◆ Task prompt:
Beginning at the line that contains "Νεαρή ταξιδιωτική γυναίκα", reproduce every line to the end of the material without changing any of them.

◆ Source data:
========

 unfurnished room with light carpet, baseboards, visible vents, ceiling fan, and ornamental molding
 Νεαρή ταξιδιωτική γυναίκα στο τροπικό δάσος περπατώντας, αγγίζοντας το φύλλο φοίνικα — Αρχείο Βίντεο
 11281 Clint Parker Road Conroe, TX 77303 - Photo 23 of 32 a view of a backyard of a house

========

◆ Response to the task:
 Νεαρή ταξιδιωτική γυναίκα στο τροπικό δάσος περπατώντας, αγγίζοντας το φύλλο φοίνικα — Αρχείο Βίντεο
 11281 Clint Parker Road Conroe, TX 77303 - Photo 23 of 32 a view of a backyard of a house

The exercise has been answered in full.